**Work instructions:**
Of all the entries below, retype only the lines from the one with "Genuss & Wellness" through the one with "boekenbalie_9789020959239_cover Iedereen competent", exactly as they appear.

**Records for this exercise:**
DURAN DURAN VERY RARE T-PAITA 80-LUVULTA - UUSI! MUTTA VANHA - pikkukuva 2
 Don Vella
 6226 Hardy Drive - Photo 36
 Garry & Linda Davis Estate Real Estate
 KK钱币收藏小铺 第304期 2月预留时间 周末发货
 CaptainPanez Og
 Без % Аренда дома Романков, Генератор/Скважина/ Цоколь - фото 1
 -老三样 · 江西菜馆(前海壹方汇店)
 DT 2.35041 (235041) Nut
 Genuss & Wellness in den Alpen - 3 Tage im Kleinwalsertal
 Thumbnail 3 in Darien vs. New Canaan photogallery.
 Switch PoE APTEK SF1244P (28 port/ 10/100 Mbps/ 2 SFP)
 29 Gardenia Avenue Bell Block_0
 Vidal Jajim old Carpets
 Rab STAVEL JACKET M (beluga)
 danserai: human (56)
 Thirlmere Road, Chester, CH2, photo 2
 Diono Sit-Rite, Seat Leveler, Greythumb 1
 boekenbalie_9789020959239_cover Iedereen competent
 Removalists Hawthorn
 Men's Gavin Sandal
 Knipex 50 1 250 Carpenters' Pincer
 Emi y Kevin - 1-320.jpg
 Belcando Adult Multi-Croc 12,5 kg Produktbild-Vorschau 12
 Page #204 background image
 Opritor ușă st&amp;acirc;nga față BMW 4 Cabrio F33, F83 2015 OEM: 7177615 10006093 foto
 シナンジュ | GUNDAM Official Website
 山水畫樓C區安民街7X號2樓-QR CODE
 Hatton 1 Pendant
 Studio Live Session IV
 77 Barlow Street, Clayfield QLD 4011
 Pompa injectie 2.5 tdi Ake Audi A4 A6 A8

**Solution to the exercise:**
 Genuss & Wellness in den Alpen - 3 Tage im Kleinwalsertal
 Thumbnail 3 in Darien vs. New Canaan photogallery.
 Switch PoE APTEK SF1244P (28 port/ 10/100 Mbps/ 2 SFP)
 29 Gardenia Avenue Bell Block_0
 Vidal Jajim old Carpets
 Rab STAVEL JACKET M (beluga)
 danserai: human (56)
 Thirlmere Road, Chester, CH2, photo 2
 Diono Sit-Rite, Seat Leveler, Greythumb 1
 boekenbalie_9789020959239_cover Iedereen competent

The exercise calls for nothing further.